Apodaca: Threats against NHHS coach illustrative of bigger issues

Sometimes an unsavory news event gives us the opportunity to peel back a layer on an issue that deserves scrutiny.

Such is the case with the disturbing reports that Larry Hirst, Newport Harbor High School's longtime boys' basketball coach, has been the subject of violent threats.

Although police are still investigating, school officials have temporarily suspended the basketball program, and have indicated that parents or students associated with the team might have been the source of the threats. Hirst, who also teaches at Newport Harbor, has resigned his coaching post.

However the case is resolved, it's unfortunately all too easy to believe that parents or kids are capable of such ugly behavior revolving around youth sports.

Call me blasphemous, call me un-American, but when it comes to sports, I think we've lost our collective minds.

From dads who start planning their children's athletic careers while they're still in utero to a professional football program that paid players to injure opponents to the jaw-dropping $2.15 billion that Magic Johnson and other investors agreed to pay for the Dodgers, sports-induced insanity is as embedded in our culture as hot dogs and lemonade stands.

But what's really perplexing is the outrageous behavior of parents when it comes to youth sports.

You'd think that activities involving kids would bring out the best in us. Instead, many of us morph into demanding, petulant, excuse-making lunatics when children's athletics are concerned.

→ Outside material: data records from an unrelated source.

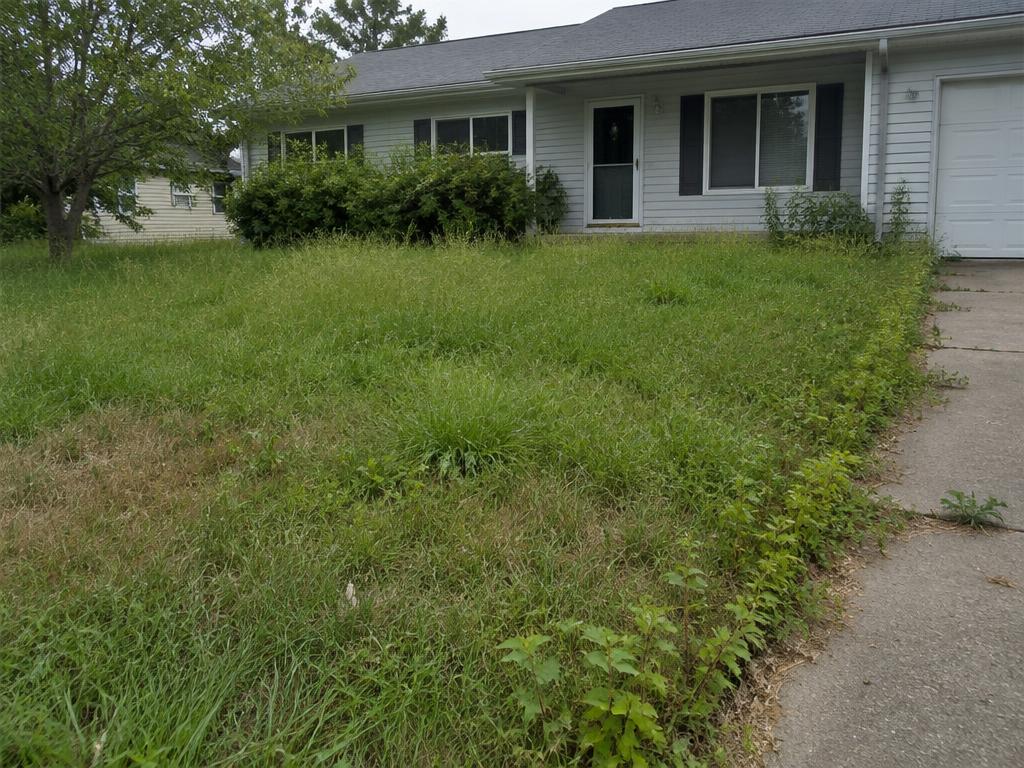 Overgrown patchy front lawn before, and freshly mowed striped lawn after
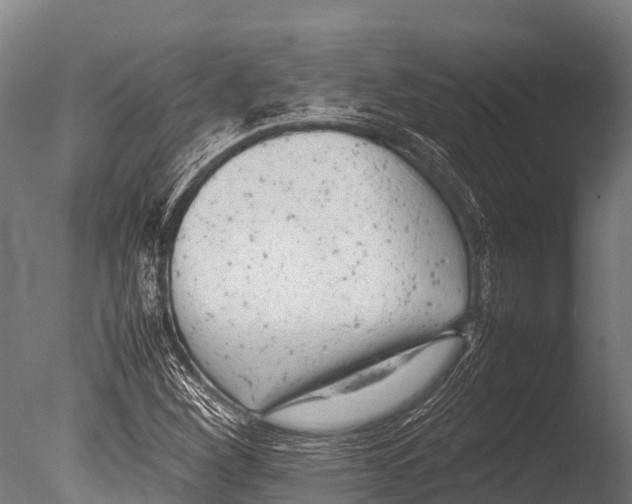 X0000085011260200704021351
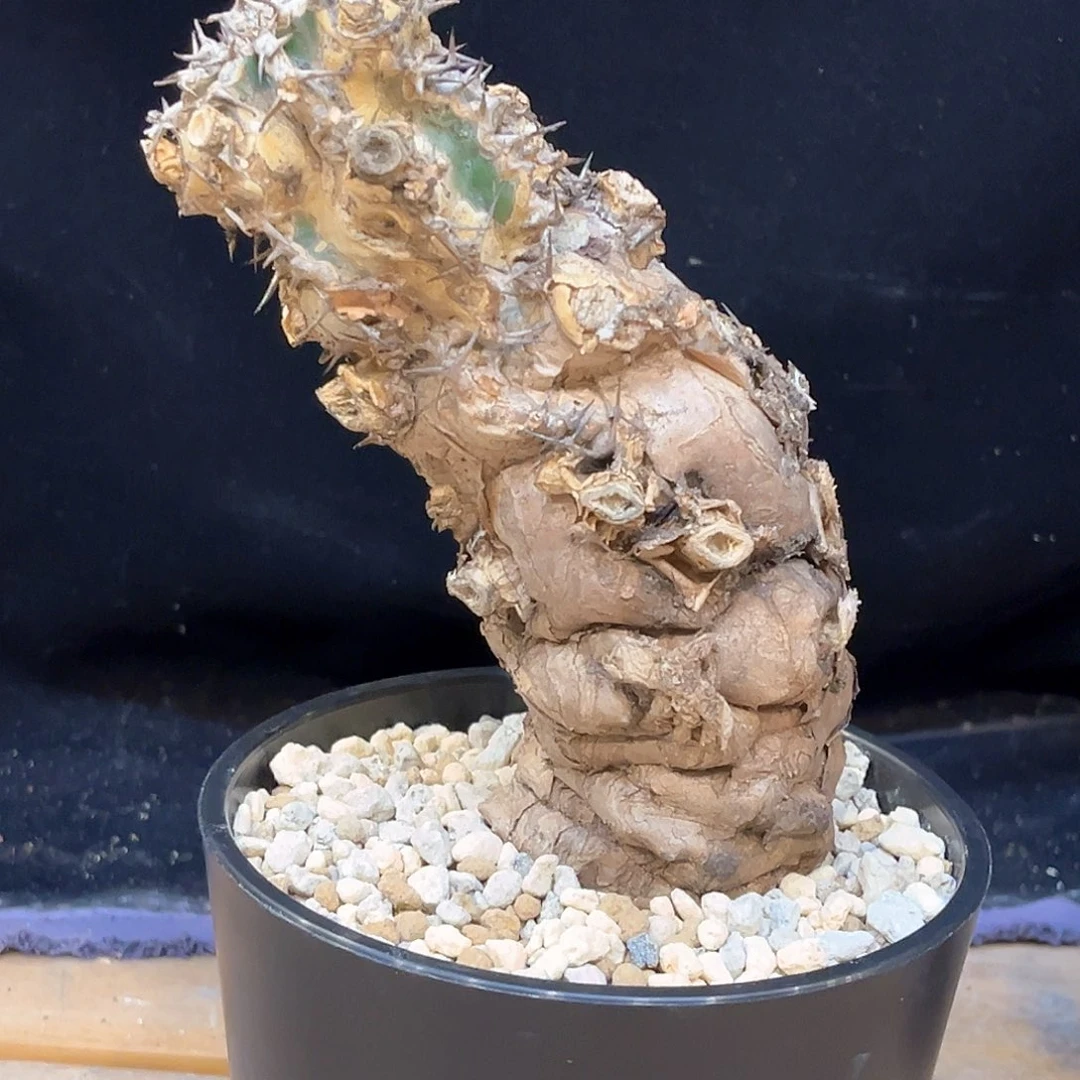 潮流植物火山大戟，养定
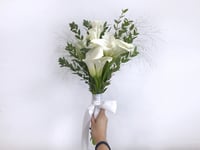 3721-372 - صورة 1
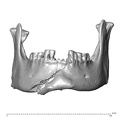 NGA88 SK766 Homo sapiens mandible anterior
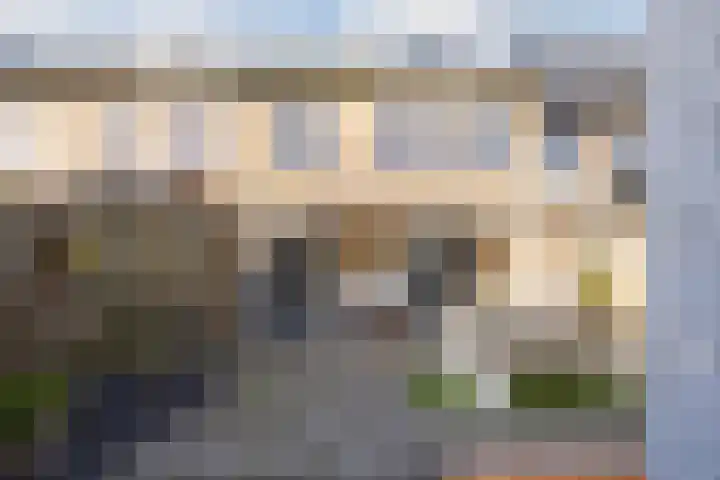 Bosveld 424 Uden thumbnail 27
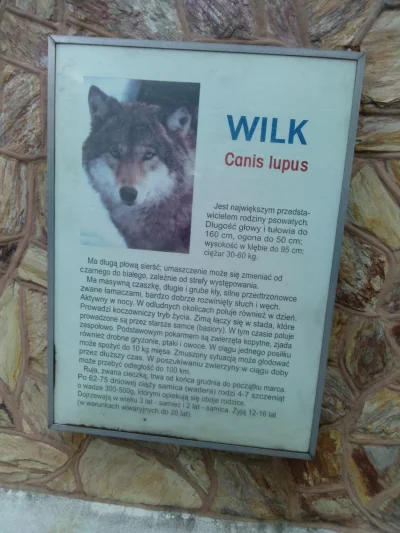 Wulfi - Zrobiłem zdjęcie tablicy informacyjnej Wilka z ZOO we Wrocławiu, niestety wil...
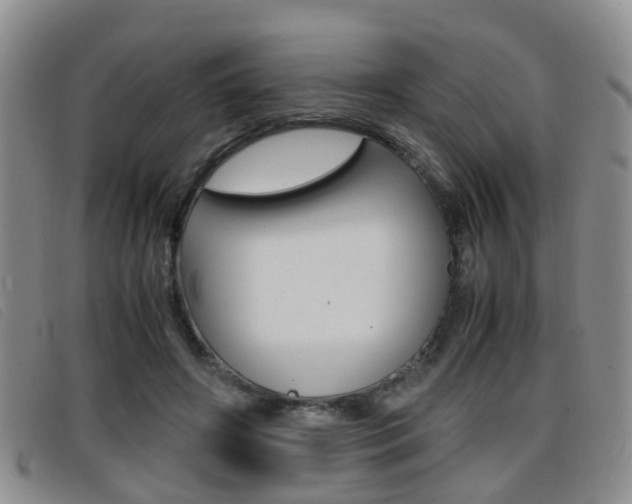 X0000096730498200802051132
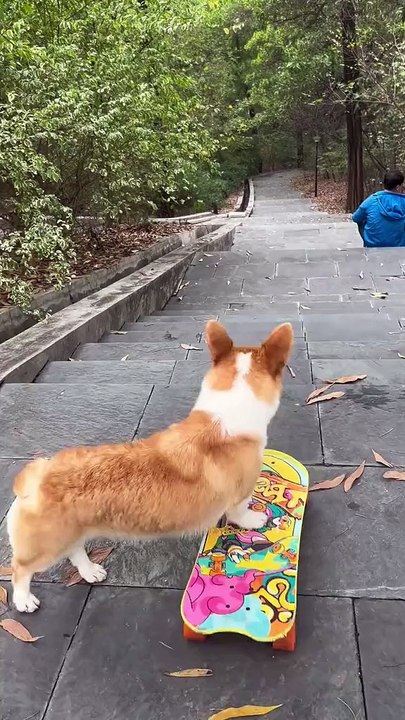 MOMEN FUNNY ANIMALS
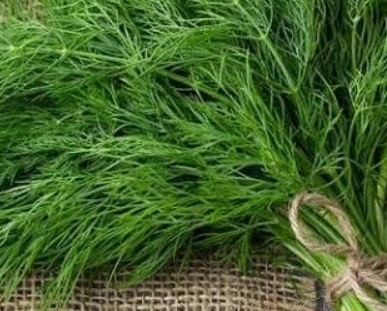 فروش شوید تازه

To be sure, youth sports, from AYSO to club teams to high-school programs, can provide a wonderfully positive experience for kids and their parents. At their best, they impart self-esteem, camaraderie and good citizenship, as well as foster values of perseverance and teamwork.

It doesn't always work out that way, though. Too often, sports are a catalyst for unseemly behavior, unrealistic expectations and ruthlessness masquerading as competitiveness.

We push our kids to perform, scream at referees and chastise coaches for perceived slights. We counsel our children to respect authority while betraying our own contempt, and handle defeat like 5-year-olds.

Most of the time, this behavior doesn't rise above the level of boorishness. But sometimes it escalates into violent, criminal behavior, and then we all wonder how things went so horribly astray.

Just to be straight, when I refer to "we," I'm looking straight in the mirror.

While I've never yelled at or threatened a coach, I can't excuse myself from getting my priorities out of whack or acting ungraciously at times. And as much as I love my husband, there have been moments at our sons' games when I've imagined stuffing a sock in his mouth.

Of course, some people are already unhinged, with or without sports. But why do usually rational people go completely bonkers when it comes to youth athletics?

"I see this literally every day in my office," said Dr. Casey Cooper, a sports psychologist based in Lake Forest. "Well-intentioned, well-educated, law-abiding people that get so impassioned by their kids' activities" that they act inappropriately.

Such behavior tends to escalate when sports are involved, she said, partly due to the physical component, which fuels aggressiveness. But Cooper suggested that it's also because of the societal pass given to improper behavior concerning athletics, as if we believe conduct related to sports should be judged separately and more leniently than in another context.

Indeed, we parents get plenty of reinforcement from a culture that worships sports beyond reason and treats professional athletes as demigods, even when they misbehave.

With apologies to my esteemed colleagues, even this newspaper is guilty of feeding the frenzy. We are treated to copious news stories about local sports, and an "Athlete of the Week," chosen from Newport-Mesa schools. Do we have a "Scholar of the Week?" An "Artist of the Week?"

Some blame must also go to schools, which play a part in elevating sports and athletes to an exaggeratedly exalted status.

A few days ago, I discussed the Hirst story with a friend. She mentioned that she and her husband both played college sports, but realized early on that their son lacked the athletic gene. They didn't push him into sports, she said, and were honest about his chances of getting significant playing time if he chose to do so.

They also encouraged their son to appreciate his talents in other areas. He graduated near the top of his class, and now attends a highly ranked university. Yet my friend couldn't help feeling dismayed that her boy's stellar scholastic record received scant notice compared with the accolades heaped on student-athletes.

Some coaches — not all, but definitely some — also feed the hysteria by taking too seriously the old Vince Lombardi line, "Winning isn't everything; it's the only thing."

These are the coaches who expect kids to live or die by their sport, demand an unreasonable commitment of time and resources, and belittle rather than encourage their players.

But it all comes back to parents, the first line of influence on kids.

Whoever made the threats against Hirst, perhaps we all need reminding that high school basketball isn't the most important thing in the world. Take heed: According to the NCAA, only 3% of high-school basketball players go on to play college ball.

For the other 97%, there's a great, big world out there that doesn't revolve around a game.

PATRICE APODACA is a Newport-Mesa public school parent and former Los Angeles Times staff writer. She is also a regular contributor to Orange Coast magazine. She lives in Newport Beach.